Last week the Joint Authorities for Rulemaking on Unmanned Systems (JARUS) has approved the White Paper – Use of mobile networks to support UAS operations, developed by its Working Group 5 responsible for Command, Control & Communications.

The document has received unanimous approval from all the JARUS Member States who voted. JARUS comprises more than 60 aviation authorities from the five continents, plus EASA and EUROCONTROL.

WG5 has prepared this document to provide JARUS members and the wider UAS community with an understanding of:

  • the main possibilities that services based on Mobile Communications Networks (MCN; e.g. 5G over urban areas) can provide to overcome intrinsic constraints and contribute to unleashing the full potential of UAS operations; and
  • the main regulatory and standardisation aspects that need to be considered for the safe and secure use of such services based on MCN for expanded UAS operations.

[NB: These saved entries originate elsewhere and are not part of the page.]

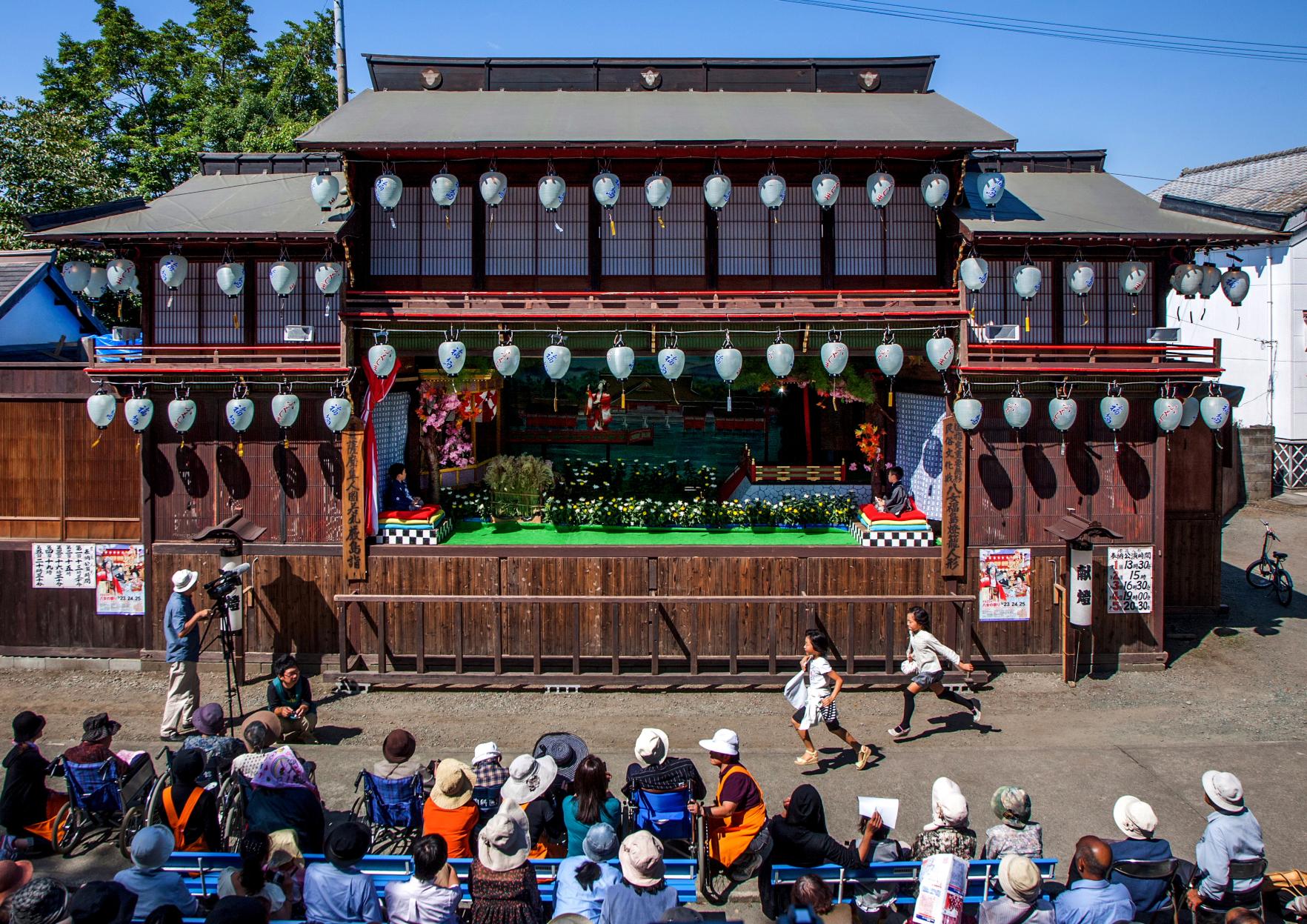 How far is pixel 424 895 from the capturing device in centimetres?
737

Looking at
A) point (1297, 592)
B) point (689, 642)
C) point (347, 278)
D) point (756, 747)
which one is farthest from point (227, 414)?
point (1297, 592)

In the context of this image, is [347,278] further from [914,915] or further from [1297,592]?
[1297,592]

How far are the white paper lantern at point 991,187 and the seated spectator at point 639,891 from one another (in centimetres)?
1277

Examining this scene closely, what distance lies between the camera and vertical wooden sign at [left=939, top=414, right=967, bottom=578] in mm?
15938

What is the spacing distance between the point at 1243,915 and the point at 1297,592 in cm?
1756

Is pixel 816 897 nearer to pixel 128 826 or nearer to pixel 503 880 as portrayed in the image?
pixel 503 880

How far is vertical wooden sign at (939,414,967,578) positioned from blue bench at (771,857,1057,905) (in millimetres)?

With the official approval and publication of this document, JARUS recognise that 5G is a promising technology to support Command and Control (C2) link for UAS. In addition, JARUS, having reminded that the organisations providing such services should be under safety oversight like any other aviation service provider, mentions the 2nd edition of ISO 21384-3 for the safety, security and quality requirements applicable to the C2 Communication Service Provider (C2CSP), thus recognising for the first time an ISO standard as possible Acceptable Means of Compliance (AMC).

John Walker, Chairman of ISO TC/20 SC/16 and vice-Chair of JARUS Stakeholder Consultation Body declared: “I am very pleased noticing that JARUS is aware of the standardisation work for UAS and UTM which we are carrying out in ISO; and, that they recommend to use some of our standards as Acceptable Means of Compliance with aviation rules in the JARUS 60+ member States”.

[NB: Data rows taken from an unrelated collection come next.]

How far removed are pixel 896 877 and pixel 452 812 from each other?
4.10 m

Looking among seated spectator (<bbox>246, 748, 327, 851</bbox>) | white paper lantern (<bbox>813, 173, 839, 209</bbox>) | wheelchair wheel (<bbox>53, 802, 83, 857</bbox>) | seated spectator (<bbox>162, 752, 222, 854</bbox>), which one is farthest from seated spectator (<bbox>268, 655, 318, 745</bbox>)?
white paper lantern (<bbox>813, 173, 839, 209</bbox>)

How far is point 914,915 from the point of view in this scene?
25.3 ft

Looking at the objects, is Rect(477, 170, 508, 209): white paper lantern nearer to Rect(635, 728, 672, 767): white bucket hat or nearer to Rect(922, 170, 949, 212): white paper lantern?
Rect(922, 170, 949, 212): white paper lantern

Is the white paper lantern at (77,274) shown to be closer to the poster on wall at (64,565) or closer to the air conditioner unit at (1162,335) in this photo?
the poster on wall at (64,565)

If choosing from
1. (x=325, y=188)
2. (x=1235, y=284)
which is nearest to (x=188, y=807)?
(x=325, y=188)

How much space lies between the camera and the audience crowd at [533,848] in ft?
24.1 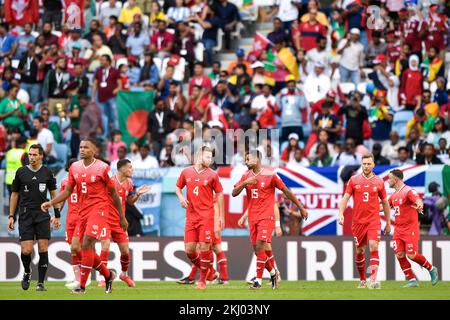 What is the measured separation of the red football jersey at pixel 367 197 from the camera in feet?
65.8

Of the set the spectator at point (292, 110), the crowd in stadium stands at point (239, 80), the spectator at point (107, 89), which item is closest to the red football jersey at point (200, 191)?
the crowd in stadium stands at point (239, 80)

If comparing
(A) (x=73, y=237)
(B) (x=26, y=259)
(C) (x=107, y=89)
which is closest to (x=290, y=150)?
(C) (x=107, y=89)

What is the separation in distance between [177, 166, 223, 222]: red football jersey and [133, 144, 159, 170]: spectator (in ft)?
26.8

Filippo Tomasello, Senior Partner of EuroUSC Italia added: “Performance-Based Regulation was initiated by a Resolution of the ICAO Assembly in 1998. With the fast pace of development of technology, it is vital that aviation authorities recognise consensus-based standards developed by industry to support their legally binding rules focused on the regulatory processes”.

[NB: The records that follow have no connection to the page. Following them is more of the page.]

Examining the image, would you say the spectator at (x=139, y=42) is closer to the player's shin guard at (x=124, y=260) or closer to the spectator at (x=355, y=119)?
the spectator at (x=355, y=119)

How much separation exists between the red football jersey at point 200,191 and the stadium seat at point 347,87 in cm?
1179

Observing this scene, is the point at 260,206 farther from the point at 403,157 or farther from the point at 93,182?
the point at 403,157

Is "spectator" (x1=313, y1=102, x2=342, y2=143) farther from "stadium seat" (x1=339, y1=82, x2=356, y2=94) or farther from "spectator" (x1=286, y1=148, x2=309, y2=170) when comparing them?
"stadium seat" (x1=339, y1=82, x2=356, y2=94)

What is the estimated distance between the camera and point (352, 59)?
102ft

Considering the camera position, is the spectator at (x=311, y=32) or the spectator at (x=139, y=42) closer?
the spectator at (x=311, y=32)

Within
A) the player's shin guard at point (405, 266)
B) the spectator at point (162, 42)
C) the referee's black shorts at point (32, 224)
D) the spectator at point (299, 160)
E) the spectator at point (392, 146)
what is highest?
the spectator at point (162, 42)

JARUS has no legal status and therefore none of its documents is intended to be mandatory for the participating States. Nevertheless, its recommendations are addressed to 60+ member CAAs around the entire world, plus EASA and EUROCONTROL. In this sense, this publication can be considered a precious achievement for the worldwide UAS community.

This deliverable will be published on the new JARUS website which will come online soon.